Hand Planes

In this section of the newsletter, I am planning to share information and resources specifically related to hand tools. Each month I want to share information about hand tools, their use, and their makers that I think you will find interesting. This is a new concept and I want to encourage Guild members to let me know if this is useful information and you would like to see this continue. 

The first installment is from a recent blog post from the Lost Art Press website by Megan Fitzpatrick. It focuses on the parts of a typical hand plane and how it can be adjusted. This information is excerpted from “The Essential Woodworker” by Robert Wearing.

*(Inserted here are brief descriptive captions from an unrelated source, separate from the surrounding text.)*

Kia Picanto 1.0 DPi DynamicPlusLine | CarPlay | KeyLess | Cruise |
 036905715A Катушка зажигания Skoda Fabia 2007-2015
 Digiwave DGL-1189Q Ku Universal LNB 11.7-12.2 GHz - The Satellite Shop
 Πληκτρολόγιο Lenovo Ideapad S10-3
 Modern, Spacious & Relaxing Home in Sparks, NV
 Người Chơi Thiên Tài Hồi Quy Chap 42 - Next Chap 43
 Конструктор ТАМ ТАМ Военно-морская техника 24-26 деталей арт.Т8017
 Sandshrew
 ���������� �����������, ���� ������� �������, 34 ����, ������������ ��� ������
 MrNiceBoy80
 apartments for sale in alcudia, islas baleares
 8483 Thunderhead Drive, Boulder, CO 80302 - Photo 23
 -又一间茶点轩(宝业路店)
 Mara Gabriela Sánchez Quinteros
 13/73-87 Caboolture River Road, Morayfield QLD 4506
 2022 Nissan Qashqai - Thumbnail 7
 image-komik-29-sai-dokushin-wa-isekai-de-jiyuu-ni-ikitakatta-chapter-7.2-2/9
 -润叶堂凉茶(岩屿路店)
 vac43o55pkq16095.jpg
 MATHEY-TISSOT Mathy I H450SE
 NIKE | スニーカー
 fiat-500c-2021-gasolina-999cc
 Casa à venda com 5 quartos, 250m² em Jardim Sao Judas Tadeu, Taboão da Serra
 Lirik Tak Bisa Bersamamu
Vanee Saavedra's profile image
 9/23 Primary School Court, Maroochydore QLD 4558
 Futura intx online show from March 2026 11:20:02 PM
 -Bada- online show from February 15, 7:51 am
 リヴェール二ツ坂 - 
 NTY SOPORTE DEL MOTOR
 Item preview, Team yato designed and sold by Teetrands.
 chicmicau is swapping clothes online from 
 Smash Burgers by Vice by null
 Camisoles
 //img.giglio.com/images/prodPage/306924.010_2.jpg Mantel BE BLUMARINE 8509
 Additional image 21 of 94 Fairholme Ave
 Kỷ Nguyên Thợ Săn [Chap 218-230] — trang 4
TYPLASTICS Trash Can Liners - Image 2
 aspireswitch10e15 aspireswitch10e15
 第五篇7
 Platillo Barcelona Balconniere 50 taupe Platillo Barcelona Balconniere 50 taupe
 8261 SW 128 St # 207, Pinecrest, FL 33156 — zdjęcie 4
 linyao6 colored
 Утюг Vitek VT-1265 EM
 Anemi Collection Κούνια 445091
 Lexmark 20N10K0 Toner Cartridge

I have this book and highly recommend it for those interested in traditional woodworking, especially those interested in hand tool woodworking. 

Fig. 1 – Adjustable iron plane. A-Body, B-Frog, C-Cutting iron, D-Cap iron, E-Lever cap, F-Cap iron screw, G-Lever cap screw, H-Knob nut and screw, I-Knob, J-Handle nut and screw, K-Handle, L-Lateral adjusting lever, M-Y adjusting lever, N-Cutter adjusting wheel, O-Frog screws, P-Frog adjusting screw. 

Excerpted from “The Essential Woodworker,” by Robert Wearing. 

In order fully to understand the workings of the metal plane it is a good idea, particularly for the beginner, to strip down the plane to its smallest component. If you have an old or secondhand plane this is a good opportunity to renovate it. Even if the plane is mis-assembled and maladjusted, no damage can be done to it. Figure 1 shows the structure quite clearly and gives the correct names to all the components. It will be seen that there are three distinct adjustments. 

The depth of cut, that is the thickness of shaving removed, is controlled by the cutter adjusting wheel. The wheel running up and down a left-hand thread operates the Y lever. This in turn engages in the Y lever socket of the cap iron (or breaker), which it moves up or down. The blade is secured to the cap iron and is moved by it. 

The second adjustment is lateral. The lateral lever has a circular stud at its end. When the plane is assembled it must be made certain that this stud fits into the slot in the blade. Movement of the lever thus moves the cutting edge sideways, preventing one corner from digging in. 

The third adjustment is commonly called closing or opening the mouth. The whole frog is moved forward with the blade and the effect is to alter the size of the gap in front of the blade. The lever cap screw should be just sufficiently tight to make sideways movement of the blade with the fingers difficult but not impossible.